Am Montag, den 28. Januar, beginnt der Massenstreik!

Arbeiterinnen! Arbeiter!

Auf zum Massenstreik! Auf zum Kampf! Soeben hat das österreichisch-ungarische Proletariat ein mächtiges Wort gesprochen. Fünf Tage lang ruhte die Arbeit in allen Betrieben in Wien, Budapest usw., im ganzen Reiche. In Wien haben die Arbeiter den Straßenbahnverkehr eingestellt, auch der Eisenbahnverkehr wurde zum Teil lahmgelegt, es erschien keine einzige Zeitung. An vielen Orten kam es zu einer offenen Erhebung der Bevölkerung und zum Kampf mit der Regierungsmacht. In Prag und Budapest wurde die Republik proklamiert. In Wien hielten die Arbeiter die Brücken besetzt, um das Eindringen der Polizei in die Arbeiterviertel zu verhindern.

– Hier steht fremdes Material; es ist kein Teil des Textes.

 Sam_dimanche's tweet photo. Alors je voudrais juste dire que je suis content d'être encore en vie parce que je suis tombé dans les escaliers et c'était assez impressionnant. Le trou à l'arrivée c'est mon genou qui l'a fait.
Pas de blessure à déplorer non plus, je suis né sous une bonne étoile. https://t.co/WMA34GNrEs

In schlotternder Angst vor der drohenden Revolution war die Zentralregierung gezwungen, den nach Muster der russischen Revolution gewählten Wiener Arbeiterrat anzuerkennen und mit ihm zu verhandeln. Sie beeilte sich, Konzessionen zu machen, um die Bewegung einzudämmen, wobei ihr natürlich die Regierungssozialisten und die Gewerkschaftsführer freiwillig Handlangerdienste leisteten.

Die Aufhebung der Militarisierung der Betriebe, die Aufhebung des Arbeitszwangsgesetzes, die Erfüllung der Arbeiterforderungen in den Ernährungsfragen, gleiches und allgemeines Wahlrecht für Frauen und Männer bei den Gemeindewahlen, Versprechen, bei den Friedensverhandlungen mit Rußland auf alle Annexionsabsichten zu verzichten - dies sind die vorläufigen Zugeständnisse. Die historische Bedeutung des Arbeiteraufstandes in Österreich-Ungarn liegt aber nicht in diesen Zugeständnissen, sondern in der Tatsache der Erhebung selbst. Die Bewegung ist zwar auf halbem Wege stehen geblieben, aber dies ist der erste Schritt, dem andere folgen werden. Die Hilfe der deutschen Arbeiter, unser Massenstreik, wird die Flamme der Revolution der Doppelmonarchie zu neuem, mächtigem Brande entfachen.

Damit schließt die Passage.